The slower one is probably getting less light, but other than that I don't think there's much difference. Maybe a bit warmer since its farthest from the wetpad.

I don't think I've had these for over two years so can't call this long term success.


----------



## wjs2nd (Jan 31, 2013)

I'm going to guess, without a better understanding of what not doing so well means, that the clay pots are drying out the mix to fast. Both the perlite and gravel would already keep the mix on the dry side.


----------



## paphreek (Jan 31, 2013)

wjs2nd said:


> I'm going to guess, without a better understanding of what not doing so well means, that the clay pots are drying out the mix to fast. Both the perlite and gravel would already keep the mix on the dry side.

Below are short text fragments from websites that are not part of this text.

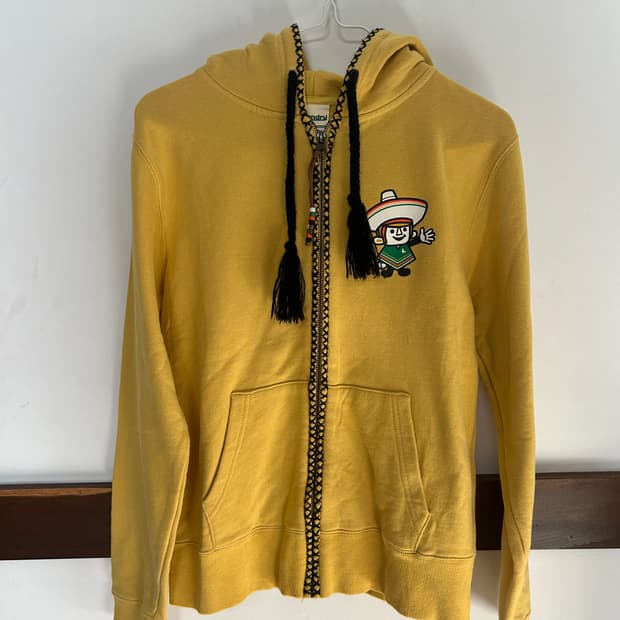 멕시코 선인장 후드집업 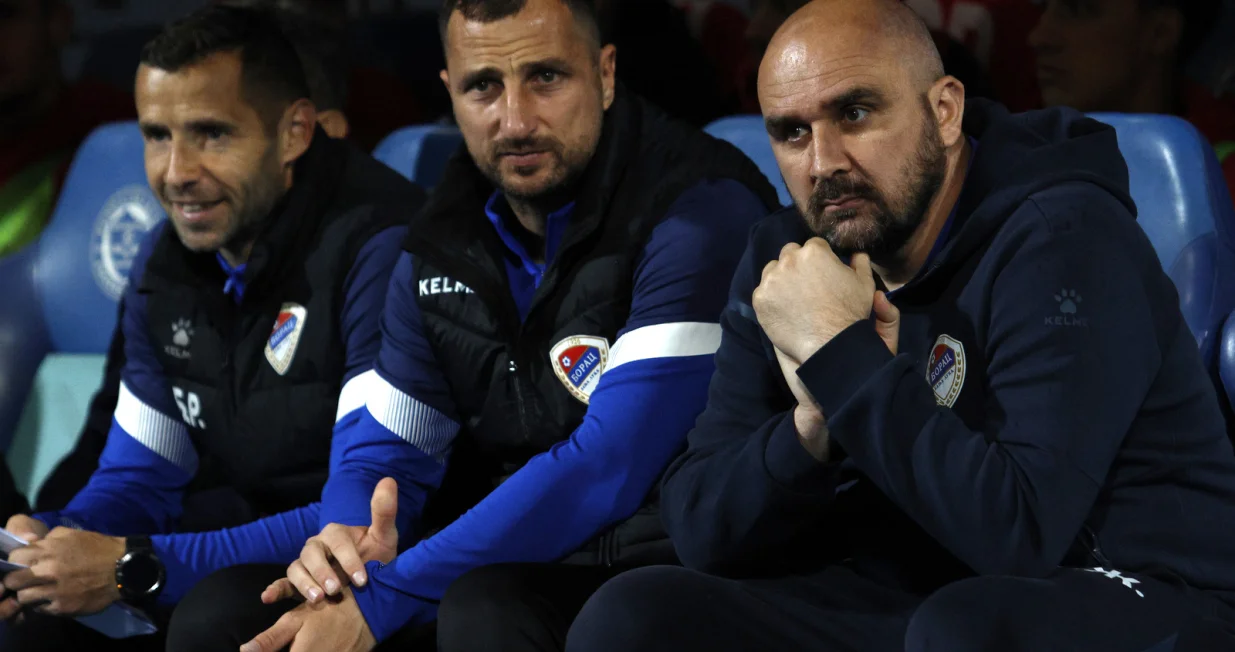 Boris Raspudić, Bojan Puzigaća i Mladen Žižović (FOTO: Sanel Konjhodžić/Sport1)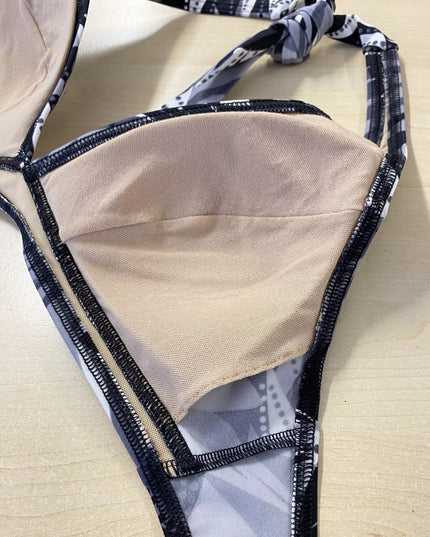 Triumph 38C dydžio marga maudymosi liemenėlė Pacific TP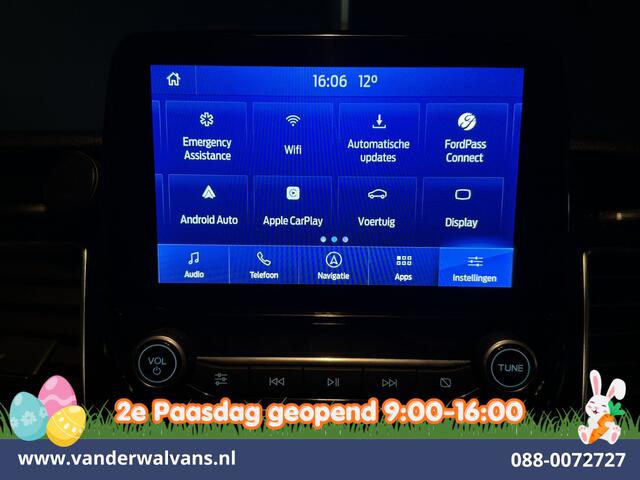 Ford TRANSIT CUSTOM 2.0 TDCI 130pk Automaat L2H1 Euro6 Airco | Camera | Navigatie | Apple Carplay | LED | Cruisecontrol LM velgen, Stoelverwarming, Verwarmde voorruit, Trekhaak, Parkeersensoren, Dakdragers, Bijrijdersbank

I agree that drying out too fast could be a problem with this combination.


----------



## abax (Feb 1, 2013)

Well, no, they're not turning yellow, but they don't seem happy either. All
three are quite small, but have bloomed before. At the time I received them, I repotted into 4" clay orchid pots because that's what I had on hand. I thought they were staying too wet and the roots were rotting. Today I repotted and the roots were in fact rotted. Sooo I put them into 2" clay pots and have my fingers crossed. I keep thinking that I should douse them with Cleary's, but am unsure about getting the Orchiata too wet.
I have no experience with helenae so it's touch and go at this point.

Yes, Rick, I am greedy. All my other Paphs. are beautiful, healthy plants with several
in bloom and/or bud. These three are something of a disappointment for me because
they may die and it will be my fault. I won't even mention what I paid for them!


----------



## wjs2nd (Feb 1, 2013)

Did you clean up the rot off the roots? Paphs can be pretty strong. Clean roots and a new pot/mix my save them. How often are you water? Even being in the smaller pot you still may want to water less and getting something to promote rooting/root growth. Good luck! 

By the way, my helenae only looks so so. I don't think they really start to take off till they get well established.


----------



## The Mutant (Feb 1, 2013)

abax said:


> Well, no, they're not turning yellow, but they don't seem happy either. All
> three are quite small, but have bloomed before. At the time I received them, I repotted into 4" clay orchid pots because that's what I had on hand. I thought they were staying too wet and the roots were rotting. Today I repotted and the roots were in fact rotted. Sooo I put them into 2" clay pots and have my fingers crossed. I keep thinking that I should douse them with Cleary's, but am unsure about getting the Orchiata too wet.
> I have no experience with helenae so it's touch and go at this point.
> 
> ...


Maybe use a bamboo skewer to make sure the medium is not too wet when watering these three could be a good idea? 

I only have one helenae, but it's my second one, since the first one (with six un-bloomed fans) did absolutely nothing during the five months I had it. And I mean NOTHING. I sold it and shipped it bare rooted and discovered that not even the roots had done anything. My new helenae is growing well (it's only a single growth plant) and is a VERY thirsty little thing.


----------



## fibre (Feb 1, 2013)

Sorry guys, I can't agree. Look at those succulent leaves of the helenae! They don't need soo much water now. But they like lots of light and cool temps in winter.


----------



## NYEric (Feb 1, 2013)

Photos would help to get a picture of any problem. Some plants don't adapt well to changes, such as a new environment or culture. Patience is a part of growing orchids and so is losing some. :wink:


----------



## Rick (Feb 1, 2013)

Well regardless of what the tops look like, they should have good roots to do well.

These guys grow on limestone cliffs like henryanum and tranlineanum. Much of the roots often exposed to air like for a Phale.

I think the basket method is extra suitable for these guys, and I would highly recommend that method. If you move them to a 4 inch basket, Line with moss (i actually put a piece of plastic fence/screen across the bottom to keep stuff from falling out), add some of that coarse driveway limestone to fill up the basket about half way. Go out in the woods and get some cool looking moss off of the side of a tree or a rock outcropping, and wrap a wad of it around the base of the plant. Jam it into the gravel and tamp in place with some additional sphagnum. Add a tablespoon or so of sand, and tap and wash it into the moss. Add some additional live moss on top. Water enough to keep it slightly damp.

Maybe not even feed the next couple months except maybe with a weak kelp extract solution.


----------



## Stone (Feb 1, 2013)

fibre said:


> Sorry guys, I can't agree. Look at those succulent leaves of the helenae! They don't need soo much water now. But they like lots of light and cool temps in winter.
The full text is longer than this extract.